Releases: CogStack/cogstack-nlp
MedCAT v2.5.3
🩺 MedCAT v2.5.3 Release Notes
This release focuses on dependency correctness, plugin system improvements, better offline behaviour, and performance and robustness fixes across MedCAT v2.
🚀 New Features & Enhancements
- Lazy Plugin Component Registration – External components can be registered lazily by plugins (previously confusingly called addons), just like core components.
This avoids unnecessary imports and enables cleaner setups when multiple optional plugins are available but not immediately needed. - Plugin System Improvements – The plugin system has been extended to:
- Track which components are provided by which plugins (or core library)
- Record plugin metadata (author, URL, provided components)
- Display pipeline layout and required plugins in the model card (see #272 for example)
- Raise clear exceptions when loading models without required plugins (see #272 for example)
- Improved Embedding Linker Filters – Refactored filter handling in the embedding-based linker, resulting in up to ~70× speedups in scenarios where filter configuration is applied frequently.
🐛 Bug Fixes
- Core Dependency Fixes – Fixed multiple issues where required packages were used but not declared:
- Added missing core dependencies (
packaging,pyyaml,requests) - Fixed optional extras declaring incomplete dependency sets
- Added automated checks and CI workflows to ensure all modules are importable with the correct dependency configuration
- Added missing core dependencies (
- Offline v1 → v2 Model Conversion – Fixed failures when converting models without internet access:
spaCymodels are now correctly transferred during conversion- Fallback spaCy downloads no longer block conversion when offline
- Missing Dependency Detection – Fixed logic that previously marked optional extras as available if any dependency was installed.

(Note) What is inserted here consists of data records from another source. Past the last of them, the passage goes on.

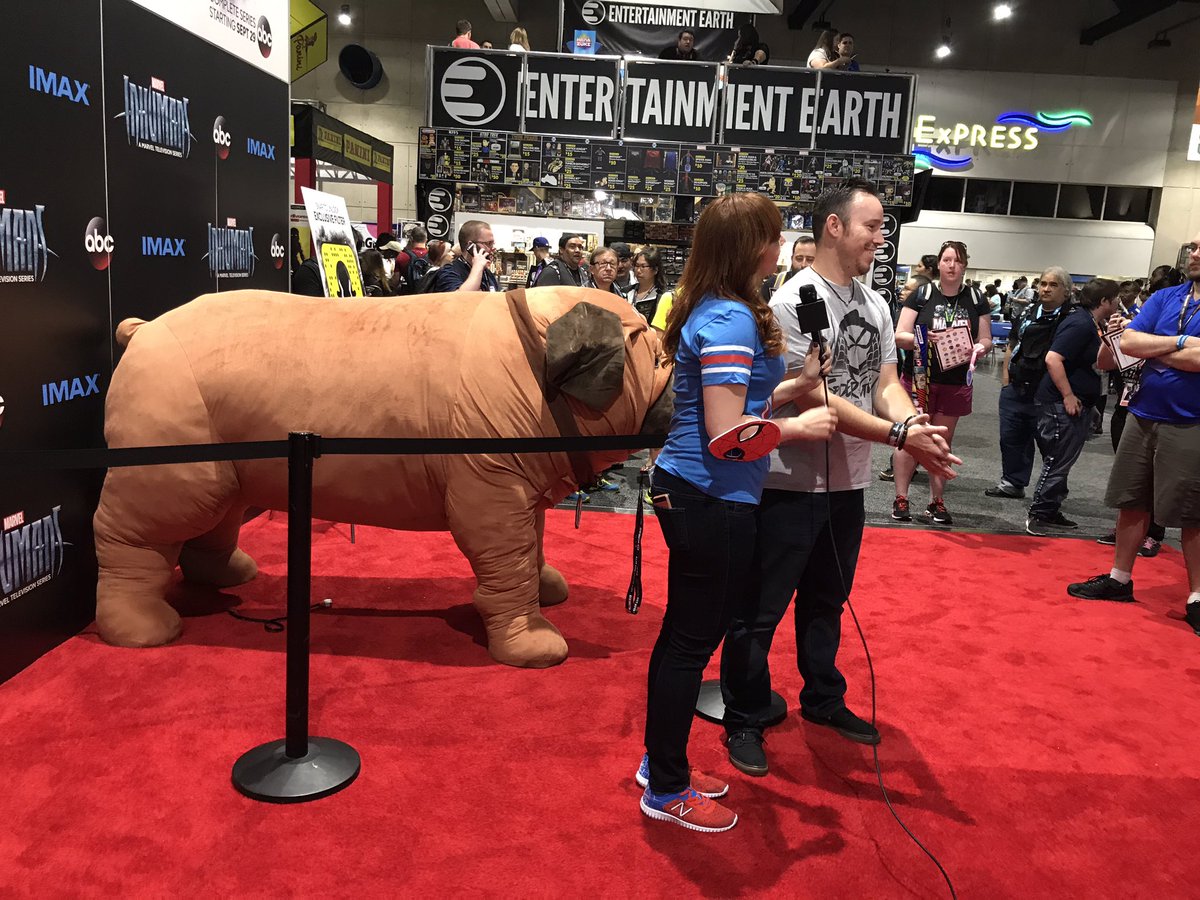 Harden_TF_Up's tweet photo. Lockjaw is AWESOME! Oh and hey @lorrainecink! #SDCC @theinhumans @marvel #Inhumans #areyouinhuman #marvel https://t.co/Jno6xhfHUp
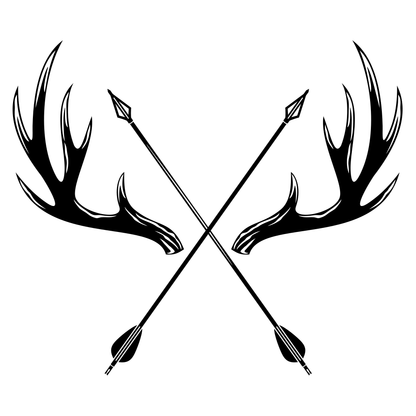 Create unique designs with layered deer antlers and arrows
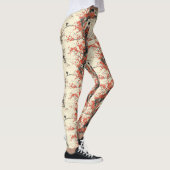 Romantisch Sakura Kimono Koppelpatroon (2) Leggings (Rechts)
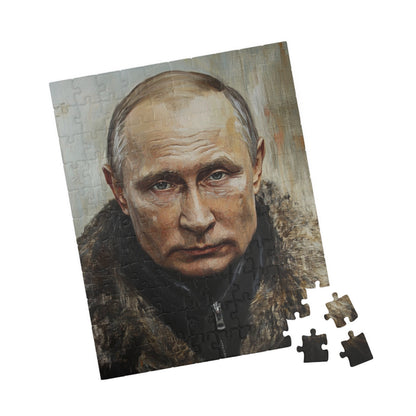 Puzzle - President Vladimir Putin in Fur Coat
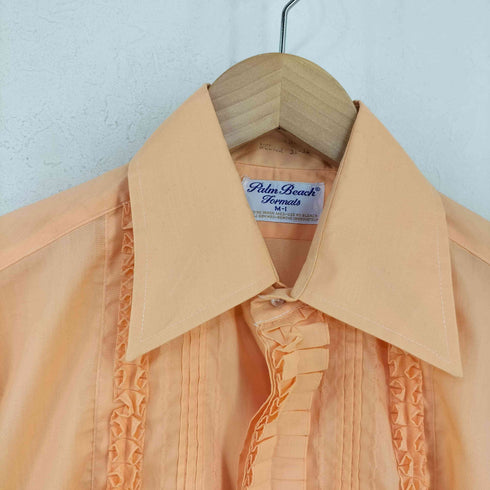 PALM BEACH FORMALS USA製 ユニオンチケット フリルシャツ メンズ import:M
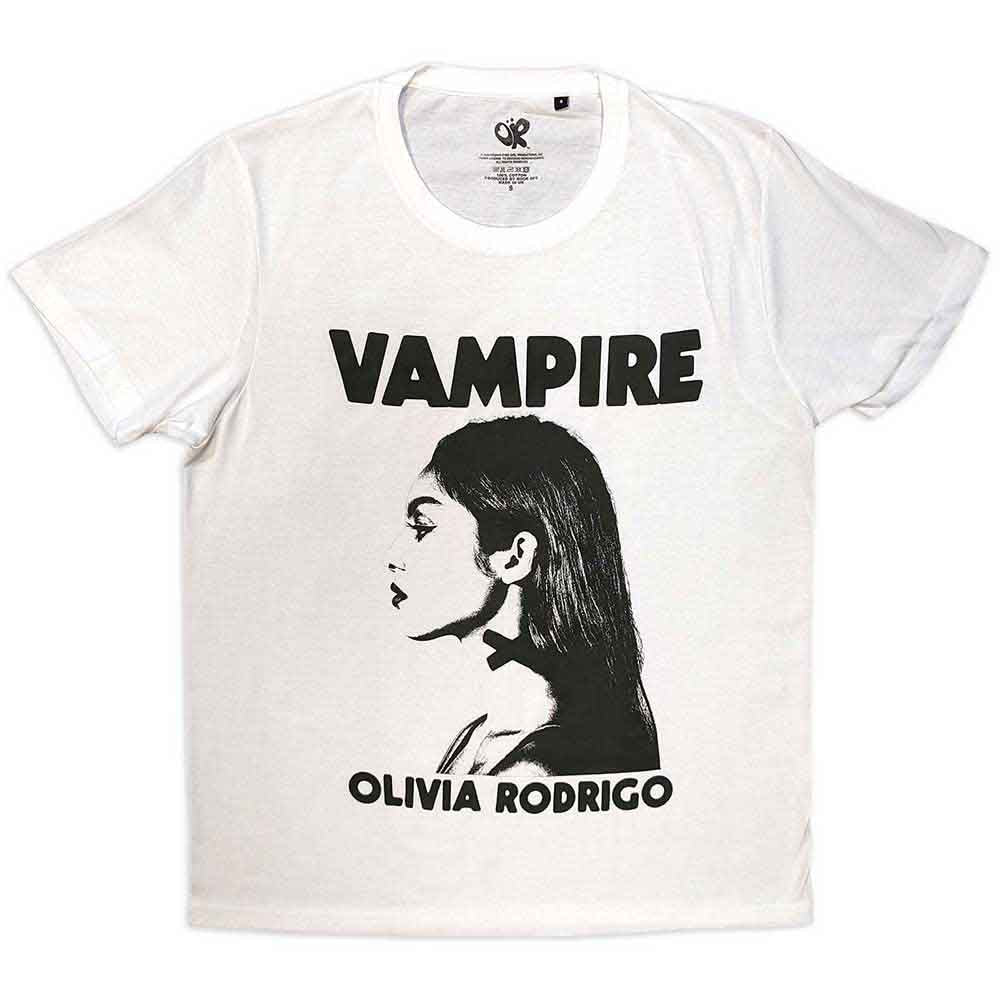 Olivia Rodrigo Unisex T-Shirt Vampire White (M)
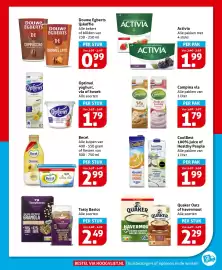 Hoogvliet folder week 45 Pagina 12: Optimel yoghurt vla of kwark €1,79, Activia €1,99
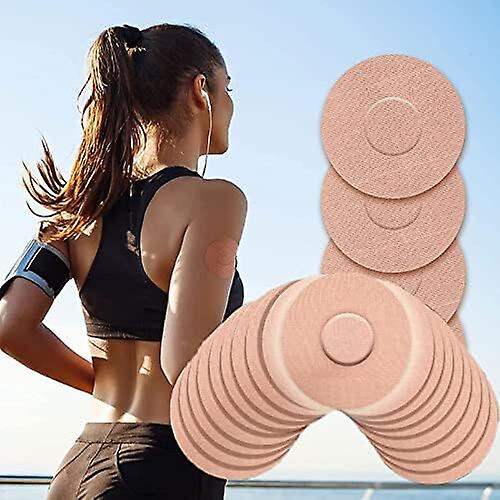 (Brown, 20pcs) Sensor Covers For Freestyle Libre, Sensor Adhesive Patches Waterproof Cgm Sensor Protection No Glue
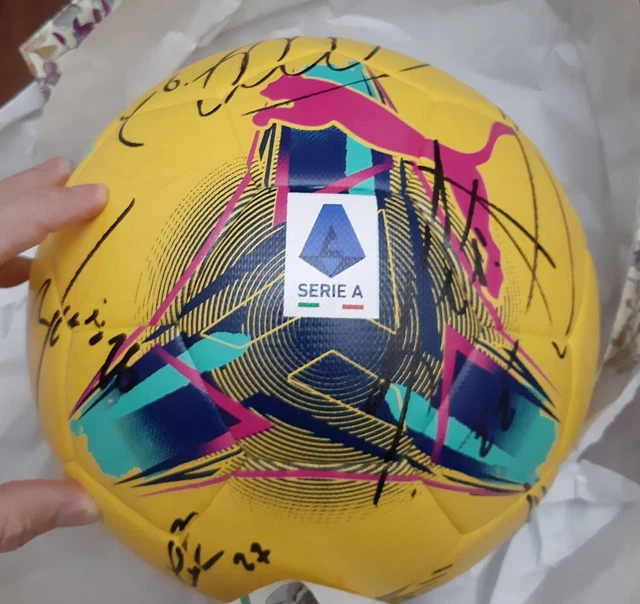 PALLONE SERIE A Juventus 2024 firmato (13 firme) Vlahovic, Yildiz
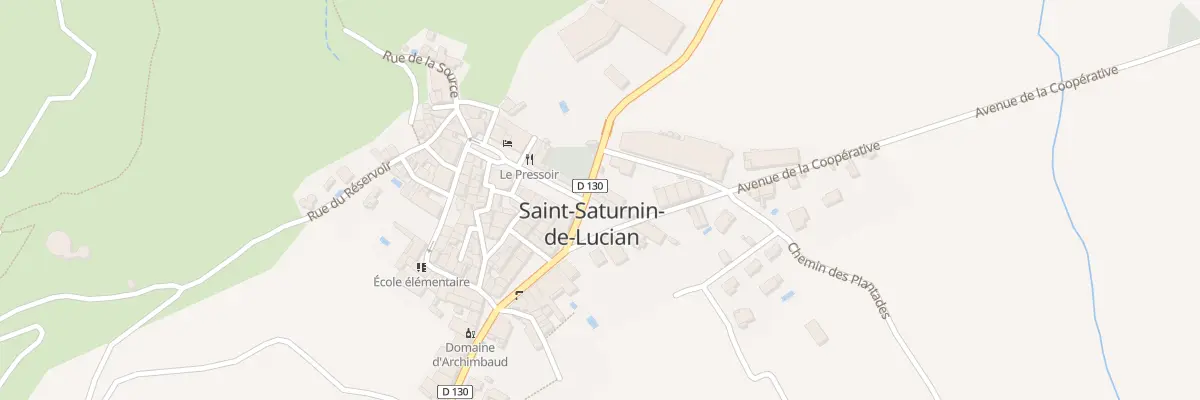 Plan du 5 Pl du Monument à Saint-Saturnin-de-Lucian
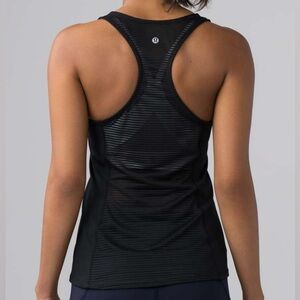 Lululemon Goal Crusher Tank (Stripe)
Black
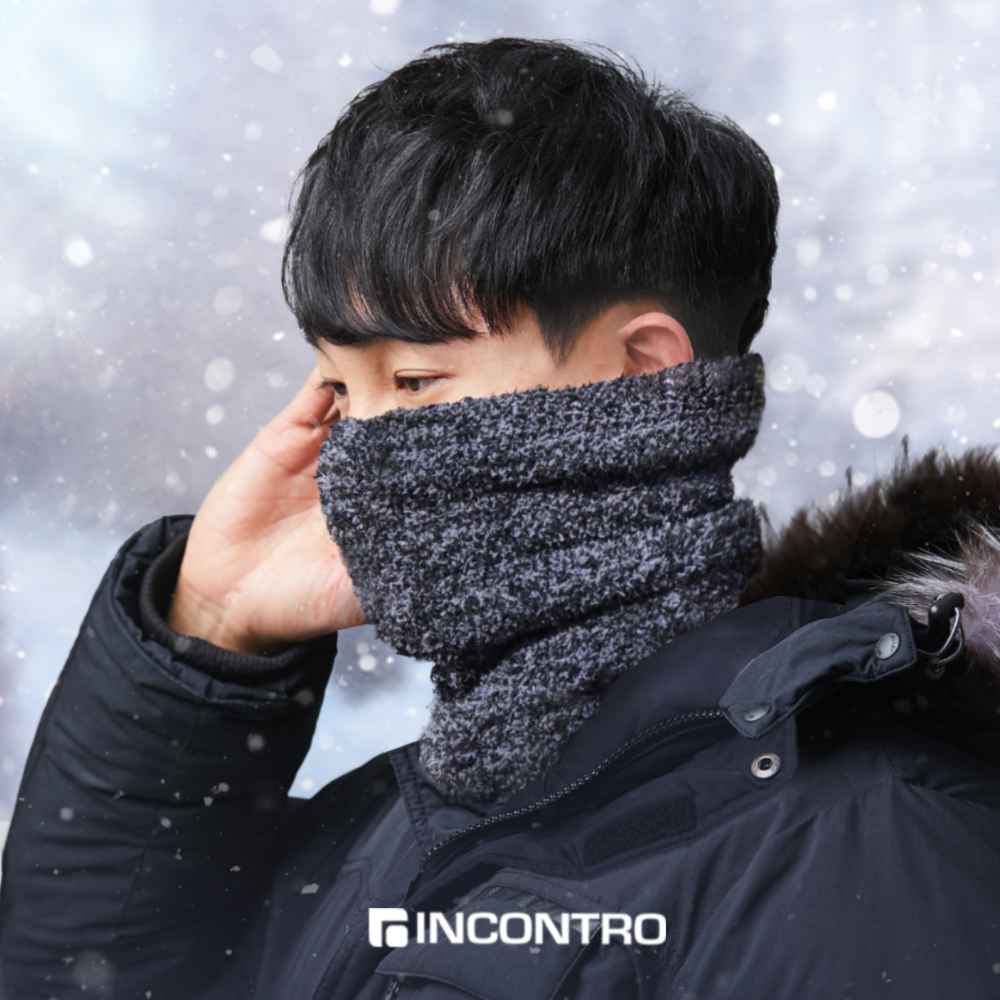 인콘트로 극세사 넥워머 수면 골프 등산 겨울 방한 레저 목토시 - 상세 이미지 3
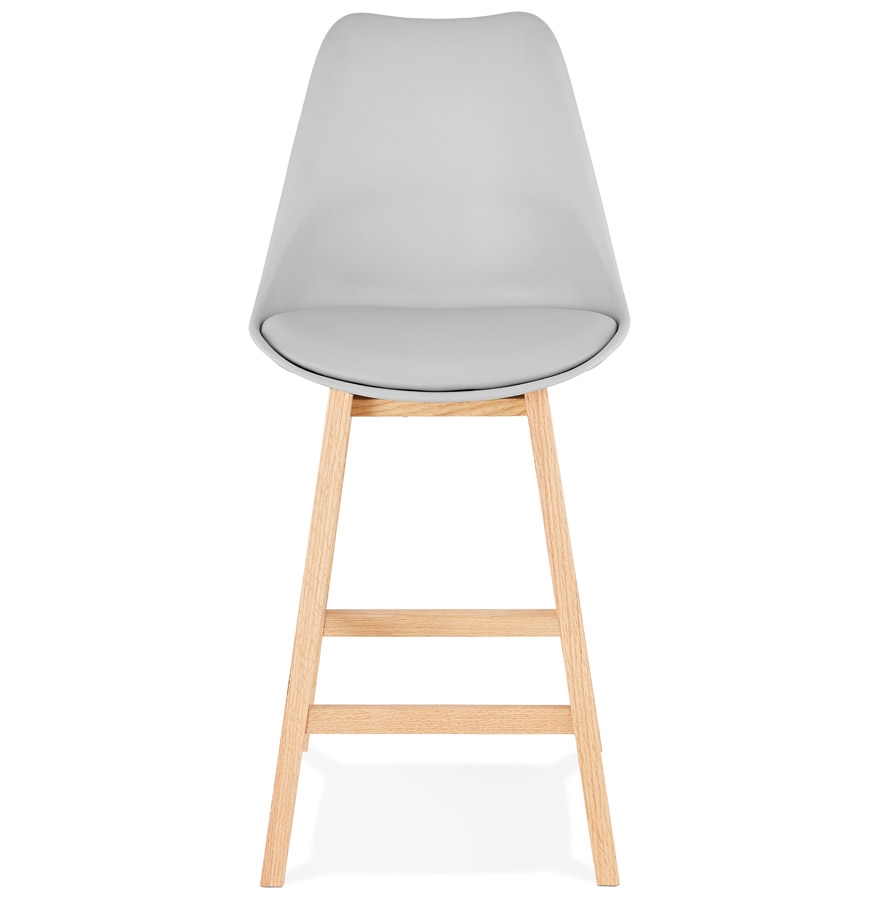 Kokoon Design Mid-height Snack Stool 'CAMILA MINI' Gray Scandinavian Style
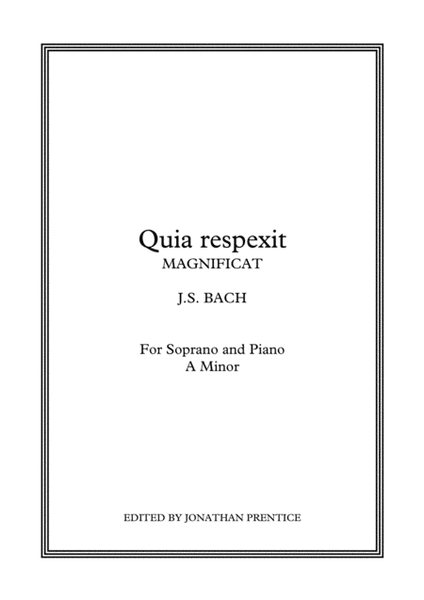Quia respexit - Magnificat in D (A Minor) image number null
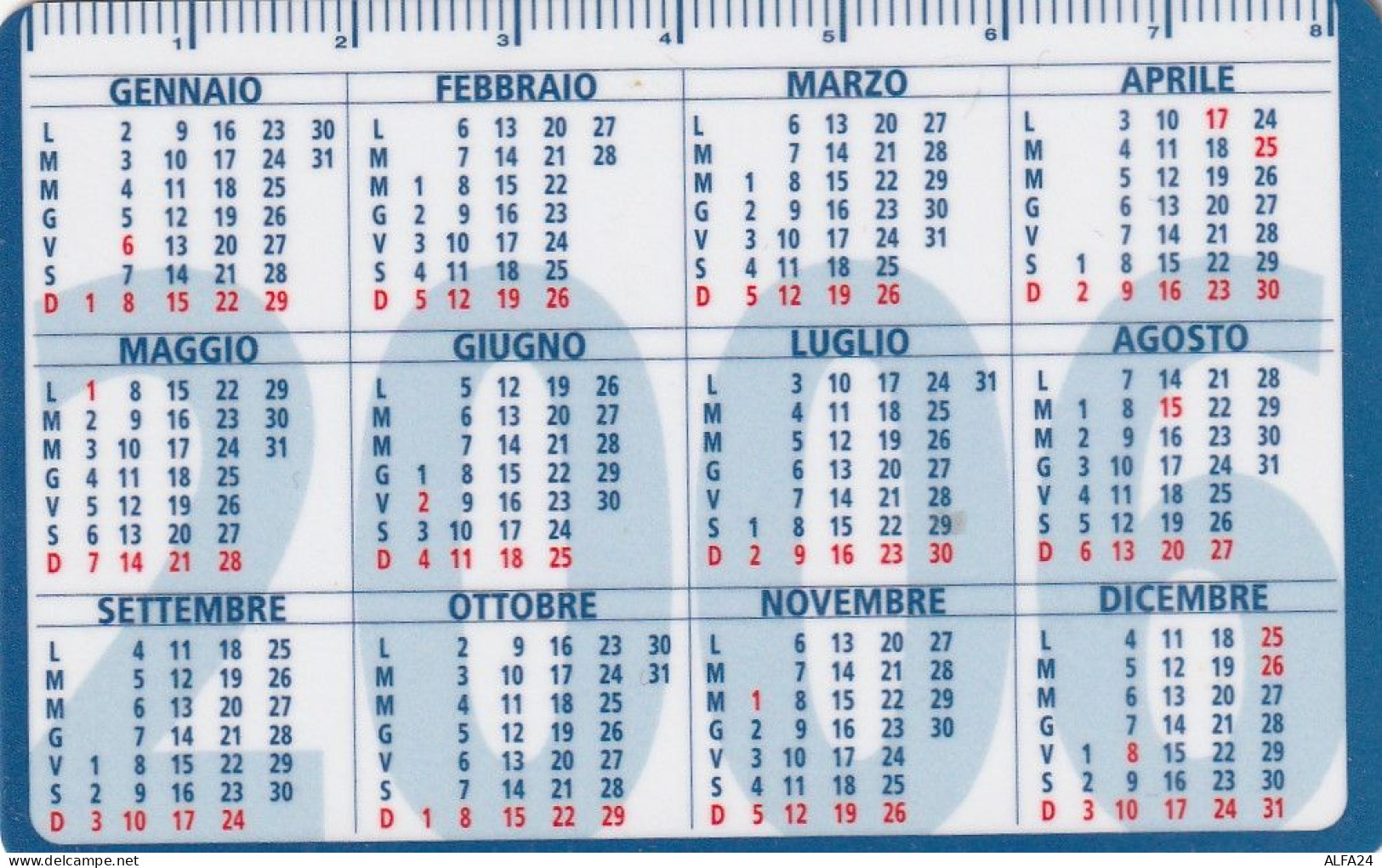 CALENDARIO 2008 FORMATO PICCOLO (MH450 - Tamaño Pequeño : 2001-...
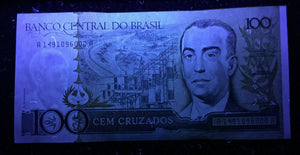 Brazil 1000,500,100, 50 Cruzeiros Banknote World Paper Money UNC Currency Bill - Collectors Couch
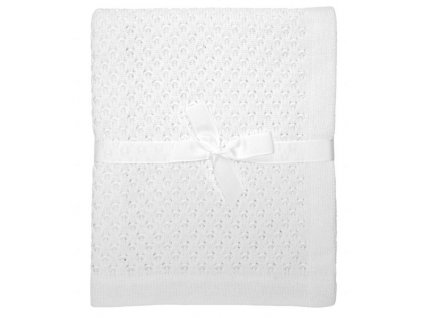 Lumima MIMMI Dětská letní pletená deka 90x80cm White - bílá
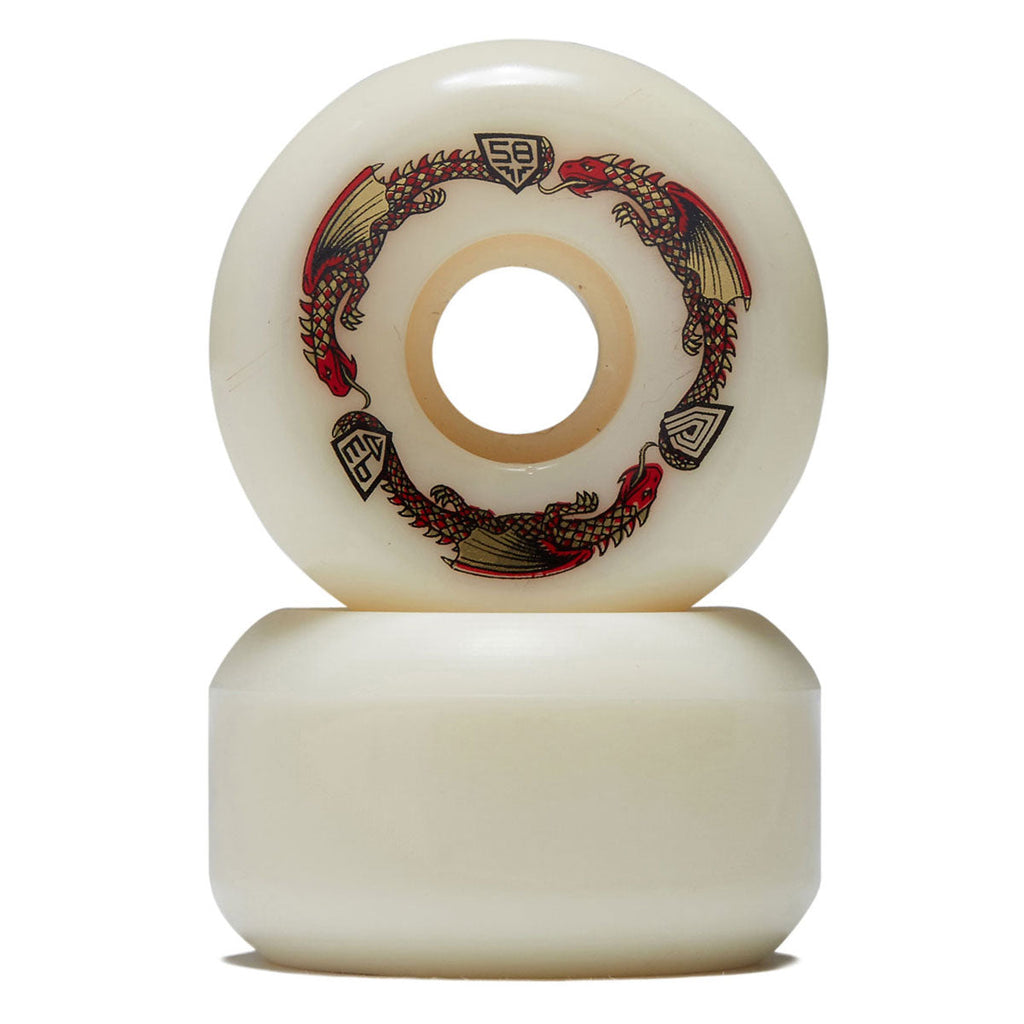 Powell-Peralta Dragon Formula 93a RB2 Skateboard Wheels - Off White - 58mm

Extras are now only considered available if all required dependencies are present. - Pydantic Configuration Serialisation – Fixed issues with serialising Pydantic models when extra attributes are present, and added regression tests.
- MetaCAT / Plugin Import Robustness – Fixed multiple cases where optional components caused failures due to eager imports or missing extras.
🧰 Other Improvements
- Terminology Cleanup – Clarified terminology by consistently using:
- Core components (e.g. NER, EL)
- Addon components (e.g. MetaCAT, RelCAT)
- Plugins for external codebases that provide components
This removes previous ambiguity around the term “addon”.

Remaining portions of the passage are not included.